Buaya setinggi 14 kaki yang membunuh gadis yang berenang di sungai Australia ditembak mati oleh penjaga hutan, kata polisi

Penjaga hutan telah menembak mati seekor buaya setinggi 14 kaki di Australia utara setelahnya membunuh seorang gadis berusia 12 tahun saat dia berenang bersama keluarganya minggu lalu, kata polisi pada hari Rabu.

Kematian gadis tersebut merupakan serangan buaya fatal pertama di Northern Territory sejak tahun 2018 ketika seorang perempuan Pribumi terbunuh saat mengumpulkan kerang di sungai. Serangan ini telah menghidupkan kembali perdebatan mengenai apakah tindakan lebih lanjut harus dilakukan untuk mengekang populasi buaya di Northern Territory, dimana spesies yang dilindungi ini semakin merambah populasi manusia.

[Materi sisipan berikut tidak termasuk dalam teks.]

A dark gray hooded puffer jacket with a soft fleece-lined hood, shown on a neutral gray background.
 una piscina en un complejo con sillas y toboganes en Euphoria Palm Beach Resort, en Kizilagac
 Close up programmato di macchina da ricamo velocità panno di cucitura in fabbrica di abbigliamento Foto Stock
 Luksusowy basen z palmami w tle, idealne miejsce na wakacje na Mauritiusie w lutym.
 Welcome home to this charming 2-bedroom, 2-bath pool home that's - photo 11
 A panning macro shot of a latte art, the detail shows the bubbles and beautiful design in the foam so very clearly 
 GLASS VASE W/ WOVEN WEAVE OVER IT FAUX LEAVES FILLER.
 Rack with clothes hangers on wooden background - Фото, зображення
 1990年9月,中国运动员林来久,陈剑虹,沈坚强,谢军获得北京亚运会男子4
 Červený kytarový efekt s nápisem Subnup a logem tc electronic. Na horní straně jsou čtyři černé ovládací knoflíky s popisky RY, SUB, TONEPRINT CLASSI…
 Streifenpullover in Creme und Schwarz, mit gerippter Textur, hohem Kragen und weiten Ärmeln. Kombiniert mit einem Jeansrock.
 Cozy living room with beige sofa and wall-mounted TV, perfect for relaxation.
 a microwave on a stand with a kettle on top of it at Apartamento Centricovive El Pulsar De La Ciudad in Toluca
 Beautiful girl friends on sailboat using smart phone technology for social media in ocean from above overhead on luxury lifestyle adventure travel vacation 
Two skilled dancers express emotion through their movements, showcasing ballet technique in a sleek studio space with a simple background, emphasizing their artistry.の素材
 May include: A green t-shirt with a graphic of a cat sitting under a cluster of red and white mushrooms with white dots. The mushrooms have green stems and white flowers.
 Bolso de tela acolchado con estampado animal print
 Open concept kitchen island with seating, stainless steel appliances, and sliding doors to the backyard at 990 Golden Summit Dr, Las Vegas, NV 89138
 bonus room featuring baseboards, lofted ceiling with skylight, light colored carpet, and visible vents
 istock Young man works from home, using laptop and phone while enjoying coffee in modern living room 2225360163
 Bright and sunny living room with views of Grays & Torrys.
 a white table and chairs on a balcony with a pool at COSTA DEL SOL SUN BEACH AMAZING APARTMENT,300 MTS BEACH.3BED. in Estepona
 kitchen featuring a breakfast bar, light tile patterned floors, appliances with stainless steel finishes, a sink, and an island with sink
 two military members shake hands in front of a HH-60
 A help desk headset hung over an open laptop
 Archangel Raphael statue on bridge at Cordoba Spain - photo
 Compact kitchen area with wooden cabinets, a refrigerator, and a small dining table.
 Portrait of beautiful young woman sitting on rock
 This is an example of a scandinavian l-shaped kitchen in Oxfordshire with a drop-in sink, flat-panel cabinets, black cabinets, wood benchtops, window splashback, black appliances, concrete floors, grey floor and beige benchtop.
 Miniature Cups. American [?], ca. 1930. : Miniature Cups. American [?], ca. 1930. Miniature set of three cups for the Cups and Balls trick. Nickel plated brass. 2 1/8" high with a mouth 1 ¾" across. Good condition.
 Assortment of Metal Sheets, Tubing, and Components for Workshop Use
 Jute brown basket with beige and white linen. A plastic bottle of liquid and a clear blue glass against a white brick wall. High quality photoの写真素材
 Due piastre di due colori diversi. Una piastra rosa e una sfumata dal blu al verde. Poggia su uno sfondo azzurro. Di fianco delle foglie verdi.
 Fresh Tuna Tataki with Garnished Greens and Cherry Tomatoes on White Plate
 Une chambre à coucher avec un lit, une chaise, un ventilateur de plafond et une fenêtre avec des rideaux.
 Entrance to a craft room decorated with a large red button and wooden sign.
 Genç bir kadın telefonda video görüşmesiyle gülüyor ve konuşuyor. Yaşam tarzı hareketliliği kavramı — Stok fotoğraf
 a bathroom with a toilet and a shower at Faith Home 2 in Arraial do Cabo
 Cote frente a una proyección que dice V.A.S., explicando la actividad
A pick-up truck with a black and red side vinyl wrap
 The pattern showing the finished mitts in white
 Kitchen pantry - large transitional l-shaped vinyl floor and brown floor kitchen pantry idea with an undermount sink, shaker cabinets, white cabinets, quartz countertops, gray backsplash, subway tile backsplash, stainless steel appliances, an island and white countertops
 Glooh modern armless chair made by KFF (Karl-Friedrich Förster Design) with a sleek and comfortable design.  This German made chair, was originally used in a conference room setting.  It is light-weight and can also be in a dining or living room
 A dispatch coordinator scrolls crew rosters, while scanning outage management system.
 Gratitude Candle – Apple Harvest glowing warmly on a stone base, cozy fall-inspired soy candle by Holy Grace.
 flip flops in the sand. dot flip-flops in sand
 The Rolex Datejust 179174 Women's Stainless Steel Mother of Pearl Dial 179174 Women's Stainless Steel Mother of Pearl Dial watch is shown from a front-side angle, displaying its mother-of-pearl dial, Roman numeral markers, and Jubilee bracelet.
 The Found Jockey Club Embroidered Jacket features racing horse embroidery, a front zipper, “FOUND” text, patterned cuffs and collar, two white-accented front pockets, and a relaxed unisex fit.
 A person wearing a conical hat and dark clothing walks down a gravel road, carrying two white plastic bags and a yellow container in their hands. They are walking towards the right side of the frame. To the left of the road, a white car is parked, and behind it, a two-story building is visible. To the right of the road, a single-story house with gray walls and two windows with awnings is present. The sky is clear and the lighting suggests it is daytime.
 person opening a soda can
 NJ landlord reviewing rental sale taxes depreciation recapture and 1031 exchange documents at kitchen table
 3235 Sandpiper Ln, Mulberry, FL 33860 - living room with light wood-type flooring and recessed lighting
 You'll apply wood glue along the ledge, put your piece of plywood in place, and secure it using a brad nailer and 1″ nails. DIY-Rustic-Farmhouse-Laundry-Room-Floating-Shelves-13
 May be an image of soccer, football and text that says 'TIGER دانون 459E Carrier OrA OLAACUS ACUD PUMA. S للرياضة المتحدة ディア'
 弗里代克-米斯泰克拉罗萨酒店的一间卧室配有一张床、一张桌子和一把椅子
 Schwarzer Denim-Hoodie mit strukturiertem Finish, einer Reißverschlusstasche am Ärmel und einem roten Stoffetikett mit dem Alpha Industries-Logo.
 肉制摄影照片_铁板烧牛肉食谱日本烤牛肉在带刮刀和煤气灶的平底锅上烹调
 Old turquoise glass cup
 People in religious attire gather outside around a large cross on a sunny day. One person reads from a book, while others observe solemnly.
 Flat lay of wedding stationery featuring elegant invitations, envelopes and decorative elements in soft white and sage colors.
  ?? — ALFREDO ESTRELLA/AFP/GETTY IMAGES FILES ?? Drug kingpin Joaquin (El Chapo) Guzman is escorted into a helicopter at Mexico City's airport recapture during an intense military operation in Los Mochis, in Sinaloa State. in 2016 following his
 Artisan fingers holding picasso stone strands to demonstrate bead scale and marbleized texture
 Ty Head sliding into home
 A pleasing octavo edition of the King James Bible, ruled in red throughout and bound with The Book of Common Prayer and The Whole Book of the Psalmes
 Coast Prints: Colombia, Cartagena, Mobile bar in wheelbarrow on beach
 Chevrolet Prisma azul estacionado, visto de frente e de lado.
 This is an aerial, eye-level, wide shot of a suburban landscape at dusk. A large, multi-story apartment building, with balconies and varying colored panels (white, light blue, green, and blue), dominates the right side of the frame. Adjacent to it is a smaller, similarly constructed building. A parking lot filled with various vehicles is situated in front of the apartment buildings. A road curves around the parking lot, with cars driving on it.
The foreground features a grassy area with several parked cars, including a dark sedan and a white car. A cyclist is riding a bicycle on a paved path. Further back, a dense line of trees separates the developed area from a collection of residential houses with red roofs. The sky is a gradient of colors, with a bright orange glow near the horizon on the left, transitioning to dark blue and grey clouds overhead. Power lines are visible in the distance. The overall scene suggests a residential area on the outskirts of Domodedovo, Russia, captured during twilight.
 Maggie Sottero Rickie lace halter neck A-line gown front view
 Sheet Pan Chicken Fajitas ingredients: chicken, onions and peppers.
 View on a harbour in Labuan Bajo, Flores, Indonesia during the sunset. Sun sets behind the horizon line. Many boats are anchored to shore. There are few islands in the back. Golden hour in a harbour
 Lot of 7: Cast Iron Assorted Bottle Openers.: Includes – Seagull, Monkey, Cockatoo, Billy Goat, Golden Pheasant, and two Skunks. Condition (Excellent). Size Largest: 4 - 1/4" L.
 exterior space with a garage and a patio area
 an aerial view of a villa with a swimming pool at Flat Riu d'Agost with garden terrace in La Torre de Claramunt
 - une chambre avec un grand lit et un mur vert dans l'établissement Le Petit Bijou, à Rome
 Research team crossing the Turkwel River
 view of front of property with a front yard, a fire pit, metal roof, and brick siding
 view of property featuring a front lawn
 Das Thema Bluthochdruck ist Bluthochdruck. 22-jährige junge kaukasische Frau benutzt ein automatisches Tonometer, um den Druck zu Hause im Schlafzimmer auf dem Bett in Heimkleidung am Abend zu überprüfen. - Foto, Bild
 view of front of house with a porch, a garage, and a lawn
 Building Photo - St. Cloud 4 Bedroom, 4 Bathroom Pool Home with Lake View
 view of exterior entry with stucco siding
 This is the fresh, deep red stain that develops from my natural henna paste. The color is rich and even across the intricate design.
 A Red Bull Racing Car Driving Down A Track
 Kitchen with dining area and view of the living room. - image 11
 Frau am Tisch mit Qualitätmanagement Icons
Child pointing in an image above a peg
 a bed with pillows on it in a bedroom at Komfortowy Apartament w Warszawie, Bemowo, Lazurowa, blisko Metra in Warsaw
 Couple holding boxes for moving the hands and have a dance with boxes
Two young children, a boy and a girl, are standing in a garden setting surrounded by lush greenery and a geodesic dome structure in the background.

Penjaga hutan telah berusaha menjebak atau menembak buaya tersebut sejak gadis itu diserang minggu lalu di Mango Creek dekat Palumpa, sebuah komunitas Pribumi Pedalaman di Northern Territory.

Mereka menembak hewan tersebut pada hari Minggu setelah mendapat izin dari pemilik tanah adat di wilayah tersebut. Buaya air asin dianggap sebagai totem oleh banyak penduduk asli Australia.

Polisi mengatakan analisis telah mengonfirmasi bahwa hewan itulah yang membunuh gadis tersebut.

“Kejadian minggu lalu berdampak besar pada keluarga dan polisi setempat terus memberikan dukungan kepada semua orang yang terkena dampak,” Sersan senior. Erica Gibson mengatakan dalam pernyataan polisi.

Ilmuwan buaya yang berbasis di Northern Territory, Grahame Webb, mengatakan reptil seukuran satu tembakan harus berjenis kelamin jantan dan berusia minimal 30 tahun. Mereka tumbuh sepanjang hidup mereka dan dapat hidup hingga 70 tahun.

Kematian gadis tersebut terjadi beberapa minggu setelah Northern Territory menyetujui rencana 10 tahun untuk membatasi jumlah buaya, sehingga meningkatkan tingkat pemusnahan di dekat habitat manusia dari 300 menjadi 1.200 per tahun.

Pemerintah Northern Territory mengatakan setelah kematian terakhir ini, jumlah buaya tidak boleh melebihi jumlah manusia. Itu pemerintah telah mengatakan sebelumnya lembaga ini “menggunakan pendekatan pengelolaan strategis berbasis risiko untuk menentukan tingkat aktivitas pengelolaan” buaya.

“Kami tinggal di tempat di mana buaya menempati perairan kami,” kata Menteri Kepolisian Wilayah Utara Brent Potter pekan lalu, menurut jaringan mitra CBS News. berita BBC. “Ini hanya pengingat untuk sebisa mungkin menghindari air.”

Northern Territory memiliki luas daratan sekitar luas gabungan Perancis dan Spanyol tetapi hanya berpenduduk 250.000 orang. Jumlah buaya diperkirakan mencapai 100.000. Populasi buaya hanya berjumlah 3.000 ekor sebelum perburuan mereka dilarang oleh undang-undang federal pada tahun 1971.

Webb mengatakan buaya di wilayah tersebut telah menstabilkan populasi mereka dalam beberapa tahun terakhir dengan saling membunuh demi makanan atau wilayah. “Mereka saling memakan. Buaya telah mengendalikan populasi mereka sendiri. Sebenarnya bukan manusia yang mengendalikan mereka,” kata Webb.

Buaya sangat mobile, dan secara berkala mengalami pertemuan berbahaya dengan orang-orang di Australia. Bulan lalu, polisi menembak dan membunuh seekor buaya air asin yang meneror komunitas terpencil Australia dengan memakan anjing dan menyerang anak-anak. Reptil itu adalah dimasak dan dimakan oleh penduduk setempat.

Pada Malam Tahun Baru, seekor buaya melompat di atas kapal nelayan di Queensland ketika pria itu sedang memancing di sungai. Dia tidak terluka.

Pada Mei 2023, seorang pria yang sedang snorkeling di lepas pantai Queensland Utara, Australia, diserang oleh buaya – dan bertahan hidup dengan mencongkel rahangnya lepas dari kepalanya. Pada bulan yang sama, sisa-sisa seorang pria Australia yang hilang dalam perjalanan memancing di perairan yang dipenuhi buaya ditemukan di dalam dua reptil tersebut.